Ser buena persona quizás puede ser una generosa casualidad con que la Naturaleza premia a
algunos agraciados individuos, pero me temo que tras ello existe un laborioso
trabajo de civilización y domesticación del egoísmo humano que, cultivado con
mimo, trabajado, arado, estercolado durante toda la vida puede incorporarse al
ser humano generación tras generación, al punto de que con carácter recesivo o
directamente, los seres humanos buenas personas incorporen grandes márgenes de
bondad en sus genes que a su vez transmiten a sus descendientes. Obviamente a
los descendientes de los hijos de puta, por desgracia, les ocurrirá lo
contrario, así, a unos hijos de puta como la pareja Aznar-Botella les sucederá
otro hijo de puta en la figura de su hijo, que no encontrará en su vida otra
cosa mejor que enmafiarse en las redes de un fondo buitre.
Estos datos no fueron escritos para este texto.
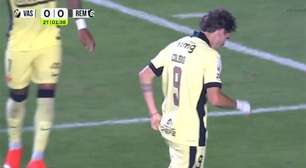 Colidio deixa campo com dores na coxa e acende alerta no Vasco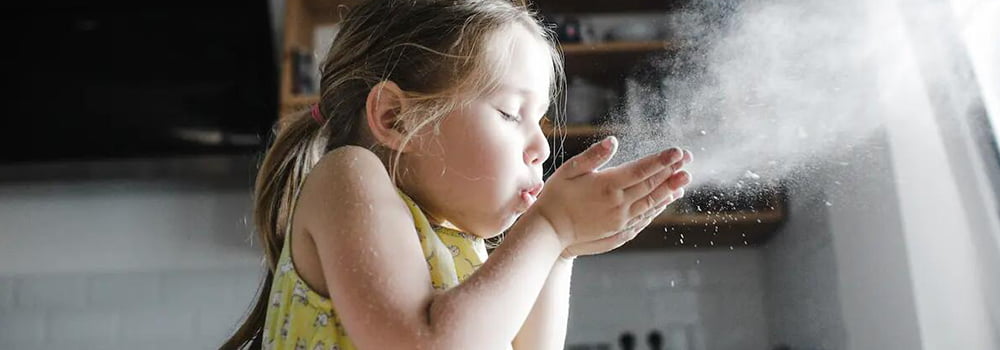 What is the alarm concentration for indoor dust sensors?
Jajaja. A veces mi
lógica de carbonero hace que me parta de risa cuando en el último momento pongo
punto final a una reflexión. En una de estas me saco un máster al estilo del
tal Casado, máster en biología genética, por ejemplo.
El caso de Saramago es
puntualmente notorio porque eso de tener un abuelo que en los momentos
inmediatos a desaparecer desea saludar cariñosamente a los árboles con los que
convivió denota que proviene de una buena cepa que transmitió sus bondades a su
nieto. Mi empeño en dividir al personal de este mundo en buena gente, mala
gente y equidistantes parece que se me está agudizando y creo que sí, que puede
ser interesante mirar al mundo bajo esta óptica porque te alivia del trabajo de
tener que decir: mira éste, qué gilipollas, y añadir la consiguiente razón de
la tal gilipollez. Cuando ya has metido a alguien dentro del saco de esos
incorregibles “hp”, ya no discutes, ni siquiera les ves, no existen, te trae
sin cuidado lo que digan en los periódicos. ¿Qué razón de ser podrían tener las
opiniones de la momia de Felipe González si la gente o los periódicos no se
ocuparan de él? Hay personas que existen solo y exclusivamente porque otros se
hacen eco de sus palabras. Así que, zas, no nombrarlos, no hablar de ellos, no
existen.
En su lugar dediquemos cada
mañana a abrazar a algunos árboles, aunque sea de la
Gran Vía , y luego, por la tarde escogiendo
un rincón tranquilo de la casa, leer a Saramago; Ensayo sobre la lucidez, Ensayo sobre la ceguera, o si no se quiere
tanta luz sobre los errores de nuestra sociedad se puede optar por Memorial del convento o El Evangelio según Jesucristo, un libro
que a los curas no les hace mucha gracia.